Deutsche agrees record longevity swap deal

Deutsche agrees record longevity swap deal

The swap, announced during Aegon's results this morning, is significant for two reasons - its size, and the fact that Deutsche says it has managed to pass its resulting exposure to longer Dutch life expectancy on to third parties - anonymous financial investors in the capital markets.

These might include other banks, hedge funds, or specialist insurance-linked securities funds, all willing to bet that Aegon's provisions for rising Dutch life expectancy are, in fact, too high. Deutsche is understood to have "packaged" its exposure from the Aegon deal into various kinds of investment products for these institutions to buy.

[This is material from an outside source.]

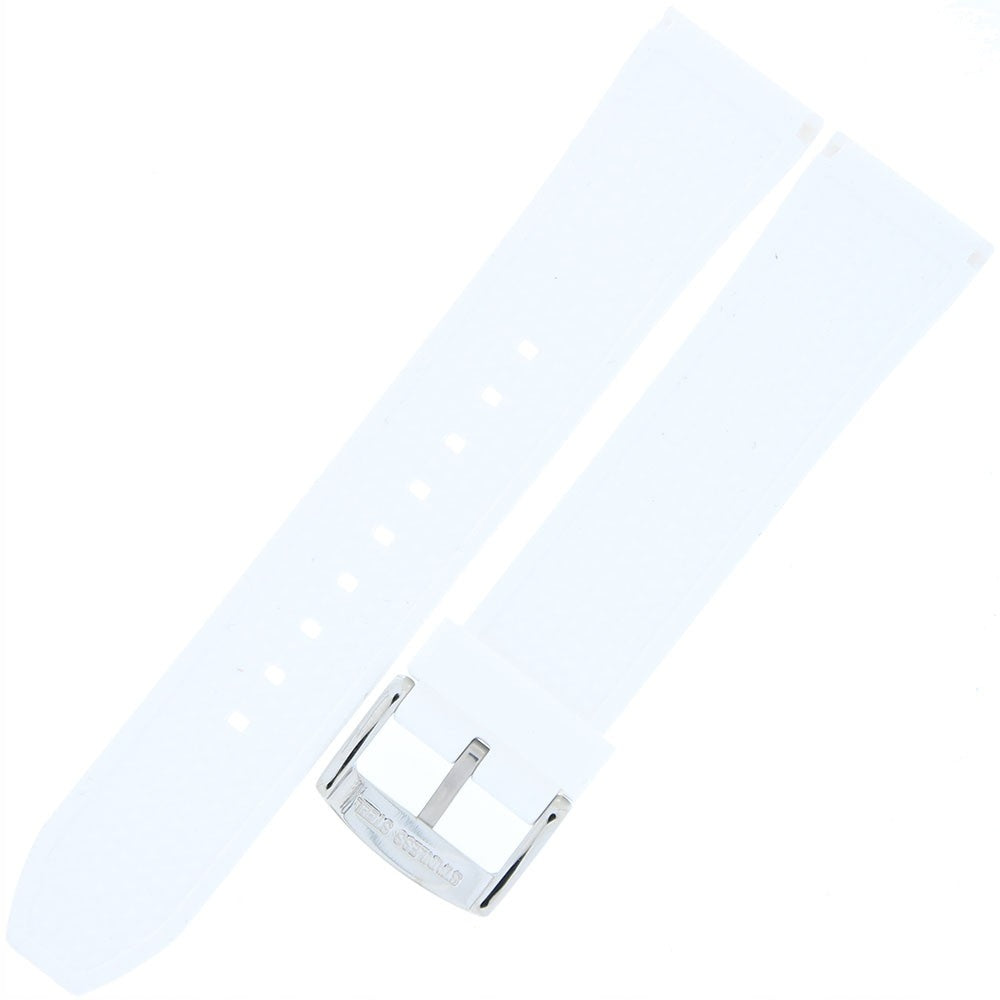 Emporio Armani Classic Chronograph White Dial White Rubber Strap Watch For Men - AR1054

Usually, when banks and insurers sign longevity deals, they subsequently pass the risk onto reinsurers - firms that specialise in covering insurers. But capacity in this market is limited.

The €12bn swap also contains an irony for Aegon, since the Dutch group had once set out its own plans for entering the related "pensions buyout" market in the UK. Aegon launched a joint venture with Swiss bank UBS in late 2008 to do this, but rethought the plans in June 2010, following a restructuring of its UK life business.

Deutsche, meanwhile, arrived in pensions swaps with a bang in January 2010, signing a £3bn longevity deal with BMW on behalf of its £5bn UK pension fund. It owns a UK insurance subsidiary, Abbey Life, through which these transactions tend to be structured.

Its deal with Aegon today is also one of first large, public longevity swaps to take place outside the UK. Most of those to date have involved UK pension schemes, such as those for BMW, Rolls-Royce and ITV.

In a statement, Clare Hennings, head of structured insurance solutions at Deutsche, said: “We believe this market will continue to grow as insurance companies and pension funds look at new ways to manage their liabilities, while investors seek diversified investment opportunities."

Aegon said this morning that the swap "reduces required capital at an attractive cost of capital", and these deals can be positive for companies' share prices. Figures from City law firm Freshfields, released late last month, suggested companies who reduce financial risks in their pension schemes enjoy an average 2.1% boost to their shares.

Yesterday, the UK defence group BAE Systems reported a £1.5bn write-off related to the deficit in its pension funds, equalling its 2011 pre-tax profits. The loss is a paper one, but gives an indication of what could be a bruising valuation of its £9bn main scheme that is currently underway. If a big deficit is revealed BAE's cash payments could be in line for an increase.

BAE's shares were down 7.8p to 325.2p yesterday, though the market was also disappointed by the firm's poor trading prospects.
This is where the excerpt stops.